The Court then considered whether the Release was unsupported by consideration because there was no provision stating that Kaneko assisting in the return of the management shares was the consideration for the Company releasing its claims against him. The Court found that there was no requirement to state the consideration in such explicit terms and that the parties involved in the execution and negotiation of the Release knew its purpose and what each party was giving and getting in exchange for the Release. The Court further held that the consideration supporting the Release was not past consideration, especially in light of the fact that the Release was held in escrow until all mutual covenants were satisfied. Finally, the Court found that, even though the Company may have already been entitled to acquire the management shares, the Company’s failure to possess the shares prevented the commencement of negotiations with the private equity companies, and, therefore, Kaneko’s assistance in retrieving the shares constituted valuable consideration. 

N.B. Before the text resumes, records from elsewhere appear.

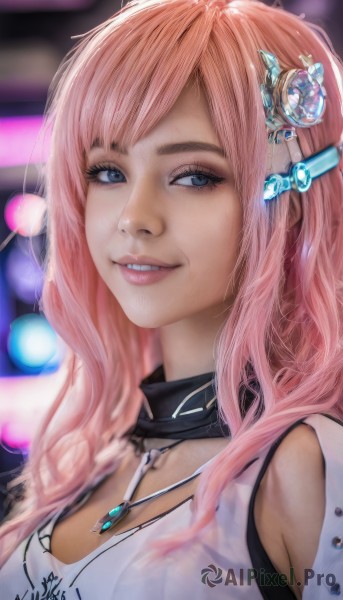 1girl,solo,long hair,breasts,looking at viewer,smile,bangs,blue eyes,hair ornament,jewelry,upper body,pink hair,parted lips,teeth,choker,artist name,signature,necklace,blurry,lips,wavy hair,realistic,clothing cutout,eyelashes,blurry background,gem,portrait,nose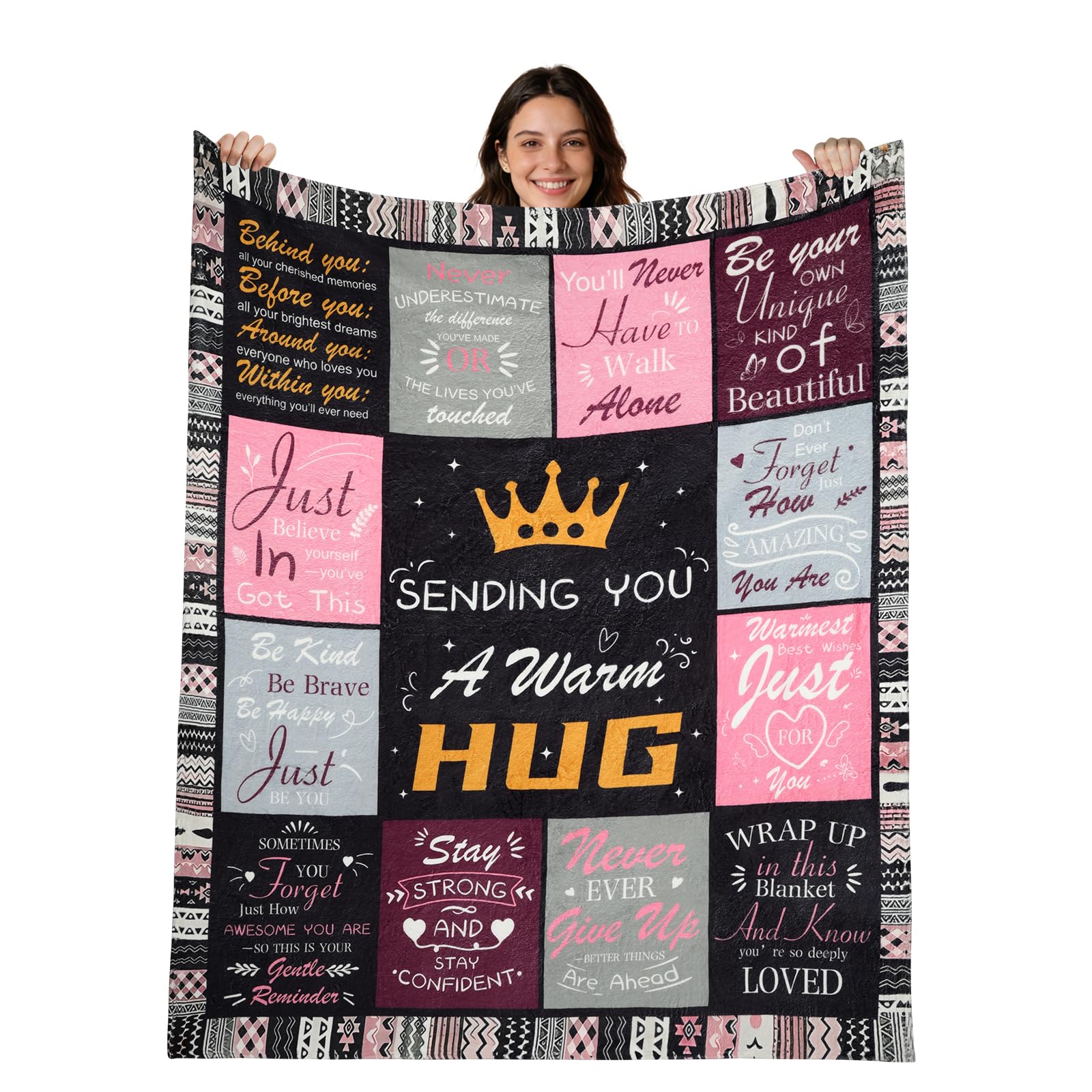 Vicloon Flannel Blanket Gifts, 150x130cm Hug Gifts Blanket, Funny Birthday Blankets, Soft Throw Gift Blankets with Heartfelt Quotes, Friendship Feel Better Present for Birthday,Christmas,Graduation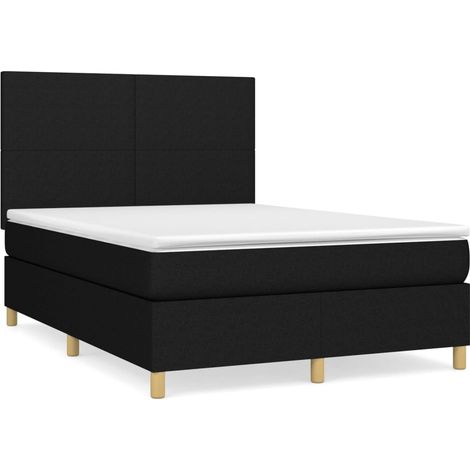 Maison Exclusive - Boxspringbett mit Matratze Schwarz 140x190 cm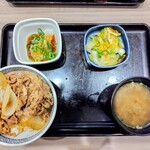 吉野家 - 牛丼（並）＋鬼おろしポン酢＋味噌汁＋お新香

The Court finally considered whether Lewis was authorized to negotiate and sign the release. The Court found that Lewis was authorized to do so because he entered into an agreement with the Company in which the parties agreed that Lewis would obtain the return of the management shares that did not specify the steps that Lewis was entitled to take to acquire the shares. In addition, Lewis presented the idea of working with Kaneko to the Company and explained to the Company why it should work with Kaneko to ensure the return of the shares. Furthermore, even if Lewis lacked such authority, the Company’s board of directors ratified the decision to enter into the Release. Thus, the Court granted summary judgment in favor of Kaneko on all claims asserted against him, though it stayed his request for mandatory indemnification until the entry of a final, non-appealable judgment and rejected his request that the Court shift fees as a result of alleged bad faith by the Receiver.